Task to carry out >> Wherever the line with "zion national park engagement photos" sits in the listing below, transcribe from it up to and including the line with "Przejdź do produktu", exactly, and leave the remaining lines out.

Extracted data >>
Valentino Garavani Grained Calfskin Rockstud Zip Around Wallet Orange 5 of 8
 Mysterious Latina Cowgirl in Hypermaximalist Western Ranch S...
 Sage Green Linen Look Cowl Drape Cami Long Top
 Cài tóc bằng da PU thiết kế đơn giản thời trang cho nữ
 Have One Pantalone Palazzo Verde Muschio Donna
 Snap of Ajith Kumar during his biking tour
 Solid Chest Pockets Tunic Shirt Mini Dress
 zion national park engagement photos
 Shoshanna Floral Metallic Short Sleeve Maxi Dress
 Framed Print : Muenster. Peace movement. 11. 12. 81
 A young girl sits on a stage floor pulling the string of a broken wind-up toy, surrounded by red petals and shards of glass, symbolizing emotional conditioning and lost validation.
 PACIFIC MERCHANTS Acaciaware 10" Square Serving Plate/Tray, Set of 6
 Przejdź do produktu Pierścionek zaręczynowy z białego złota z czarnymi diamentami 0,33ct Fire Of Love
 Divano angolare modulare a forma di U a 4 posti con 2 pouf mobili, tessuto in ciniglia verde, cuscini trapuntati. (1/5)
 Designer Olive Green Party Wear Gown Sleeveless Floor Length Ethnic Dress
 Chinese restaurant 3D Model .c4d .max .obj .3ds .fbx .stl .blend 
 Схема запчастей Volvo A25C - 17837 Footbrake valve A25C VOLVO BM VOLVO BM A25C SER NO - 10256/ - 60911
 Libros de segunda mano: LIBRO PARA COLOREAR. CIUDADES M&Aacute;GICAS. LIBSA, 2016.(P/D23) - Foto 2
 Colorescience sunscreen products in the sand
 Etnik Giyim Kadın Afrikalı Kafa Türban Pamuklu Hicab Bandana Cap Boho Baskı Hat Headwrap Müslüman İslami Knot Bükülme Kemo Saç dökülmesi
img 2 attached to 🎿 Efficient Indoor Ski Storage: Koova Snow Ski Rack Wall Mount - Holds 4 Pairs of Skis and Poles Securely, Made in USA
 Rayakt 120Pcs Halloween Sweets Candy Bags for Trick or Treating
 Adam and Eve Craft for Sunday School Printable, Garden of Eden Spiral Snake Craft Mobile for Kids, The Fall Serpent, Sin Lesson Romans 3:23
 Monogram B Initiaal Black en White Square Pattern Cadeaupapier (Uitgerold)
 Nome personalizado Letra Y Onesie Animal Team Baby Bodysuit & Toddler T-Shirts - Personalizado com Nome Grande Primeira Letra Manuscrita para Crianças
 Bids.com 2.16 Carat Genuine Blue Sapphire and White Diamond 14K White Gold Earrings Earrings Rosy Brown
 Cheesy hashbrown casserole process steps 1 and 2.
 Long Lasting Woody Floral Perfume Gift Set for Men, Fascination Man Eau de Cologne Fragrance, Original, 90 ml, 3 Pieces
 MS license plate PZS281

Task result >>
 zion national park engagement photos
 Shoshanna Floral Metallic Short Sleeve Maxi Dress
 Framed Print : Muenster. Peace movement. 11. 12. 81
 A young girl sits on a stage floor pulling the string of a broken wind-up toy, surrounded by red petals and shards of glass, symbolizing emotional conditioning and lost validation.
 PACIFIC MERCHANTS Acaciaware 10" Square Serving Plate/Tray, Set of 6
 Przejdź do produktu Pierścionek zaręczynowy z białego złota z czarnymi diamentami 0,33ct Fire Of Love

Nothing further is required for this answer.